The example from https://platform.openai.com/docs/guides/fine-tuning/preparing-your-dataset

.aillyrc -> Marv is a factual chatbot that is also sarcastic.
01_capital/01_capital.md -> What's the capital of France?
01_capital/01_capital.md.ailly -> Paris, as if everyone doesn't know that already.
02_author/01_author.md -> Who wrote 'Romeo and Juliet'?
02_author/01_author.md.ailly -> Oh, just some guy named William Shakespeare. Ever heard of him?
03_distance/01_distance.md -> How far is the Moon from Earth?
03_distance/01_distance.md.ailly -> Around 384,400 kilometers. Give or take a few, like that really matters.

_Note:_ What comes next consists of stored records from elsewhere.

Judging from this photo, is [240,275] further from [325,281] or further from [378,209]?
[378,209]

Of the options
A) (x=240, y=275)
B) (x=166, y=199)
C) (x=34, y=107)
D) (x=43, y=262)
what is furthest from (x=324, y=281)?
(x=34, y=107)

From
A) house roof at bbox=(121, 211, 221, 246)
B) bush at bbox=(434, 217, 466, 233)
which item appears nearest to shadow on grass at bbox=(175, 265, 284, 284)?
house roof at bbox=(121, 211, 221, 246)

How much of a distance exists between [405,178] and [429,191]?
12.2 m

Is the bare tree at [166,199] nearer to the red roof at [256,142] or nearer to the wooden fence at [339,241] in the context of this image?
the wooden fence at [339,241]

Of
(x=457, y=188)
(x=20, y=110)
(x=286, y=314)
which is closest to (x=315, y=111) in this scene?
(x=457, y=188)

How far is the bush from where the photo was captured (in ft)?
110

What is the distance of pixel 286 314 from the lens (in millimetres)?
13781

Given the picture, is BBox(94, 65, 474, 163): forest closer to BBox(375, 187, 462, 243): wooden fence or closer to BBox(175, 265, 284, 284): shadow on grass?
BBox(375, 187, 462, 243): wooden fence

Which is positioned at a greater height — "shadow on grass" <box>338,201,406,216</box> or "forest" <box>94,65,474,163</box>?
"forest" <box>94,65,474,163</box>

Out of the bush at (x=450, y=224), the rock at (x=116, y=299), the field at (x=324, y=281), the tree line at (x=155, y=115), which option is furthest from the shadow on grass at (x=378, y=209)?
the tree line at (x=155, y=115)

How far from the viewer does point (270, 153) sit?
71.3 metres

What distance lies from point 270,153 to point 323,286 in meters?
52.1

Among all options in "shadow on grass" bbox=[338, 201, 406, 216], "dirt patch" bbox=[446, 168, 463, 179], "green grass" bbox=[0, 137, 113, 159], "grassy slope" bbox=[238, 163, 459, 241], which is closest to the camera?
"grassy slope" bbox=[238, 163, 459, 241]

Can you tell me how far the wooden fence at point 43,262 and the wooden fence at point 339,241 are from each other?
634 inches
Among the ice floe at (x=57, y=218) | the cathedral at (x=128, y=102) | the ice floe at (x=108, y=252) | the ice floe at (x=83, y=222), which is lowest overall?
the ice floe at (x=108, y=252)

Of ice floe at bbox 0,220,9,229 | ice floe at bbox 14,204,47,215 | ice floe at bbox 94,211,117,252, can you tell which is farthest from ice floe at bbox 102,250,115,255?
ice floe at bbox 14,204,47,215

When asked to generated the next file, the tool will start by walking to the root of the project making a list of system message from .aillyrc files. It will then include all prompt and response files up to this point, following the ordering rules. The returned generated content will get written to a file with the name of the final file, adding .ailly to the end.

When sending fine-tuning sessions, the P/R pairs will be included in multiple instances. With three sections, the fine-tuning call will send ([P1, R1], [P1, R1, P2, R2], [P1, R1, P2, R2, P3, R3]), to train each of the responses in context.

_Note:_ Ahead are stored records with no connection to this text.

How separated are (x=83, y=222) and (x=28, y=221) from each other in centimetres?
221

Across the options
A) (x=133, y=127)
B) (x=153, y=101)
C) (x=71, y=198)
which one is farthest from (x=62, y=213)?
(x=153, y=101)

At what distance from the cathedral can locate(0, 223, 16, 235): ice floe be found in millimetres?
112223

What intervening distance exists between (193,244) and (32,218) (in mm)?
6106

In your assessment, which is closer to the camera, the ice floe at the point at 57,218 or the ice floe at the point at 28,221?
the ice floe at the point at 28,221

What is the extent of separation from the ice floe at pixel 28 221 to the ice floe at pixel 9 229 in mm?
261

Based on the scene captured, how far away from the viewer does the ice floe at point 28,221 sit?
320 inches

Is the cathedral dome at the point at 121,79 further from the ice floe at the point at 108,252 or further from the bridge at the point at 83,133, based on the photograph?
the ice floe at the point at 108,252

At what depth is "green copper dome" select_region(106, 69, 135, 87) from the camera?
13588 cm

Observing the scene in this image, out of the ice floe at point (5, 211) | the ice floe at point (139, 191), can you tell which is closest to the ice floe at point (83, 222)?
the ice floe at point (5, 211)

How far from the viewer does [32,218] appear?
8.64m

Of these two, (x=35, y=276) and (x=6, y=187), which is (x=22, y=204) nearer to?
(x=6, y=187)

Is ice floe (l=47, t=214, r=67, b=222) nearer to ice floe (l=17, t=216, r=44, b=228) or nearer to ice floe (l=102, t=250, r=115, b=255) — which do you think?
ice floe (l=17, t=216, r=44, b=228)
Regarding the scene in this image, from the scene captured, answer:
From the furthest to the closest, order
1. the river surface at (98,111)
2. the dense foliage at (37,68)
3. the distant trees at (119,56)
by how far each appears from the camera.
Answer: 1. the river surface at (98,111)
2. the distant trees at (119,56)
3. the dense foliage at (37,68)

! There is a 4k token limit on fine-tuning examples for GPT-3.5-Turbo. Provide a warning when approaching this limit.

During the training process this conversation will be split, with the final entry being the completion that the model will produce, and the remainder of the messages acting as the prompt. Consider this when building your training examples - if your model will act on multi-turn conversations, then please provide representative examples so it doesn’t perform poorly when the conversation starts to expand. https://github.com/openai/openai-cookbook/blob/main/examples/How_to_finetune_chat_models.ipynb

Inline, block, and reference extensions to Markdown.

Run jiffdown during build to result in static HTML (or as appropriate). Jiffdown references are imported as plain text, and then escaped appropriately for the output target. For HTML publishing, code and diagrams should be annotated for highlight and mermaid.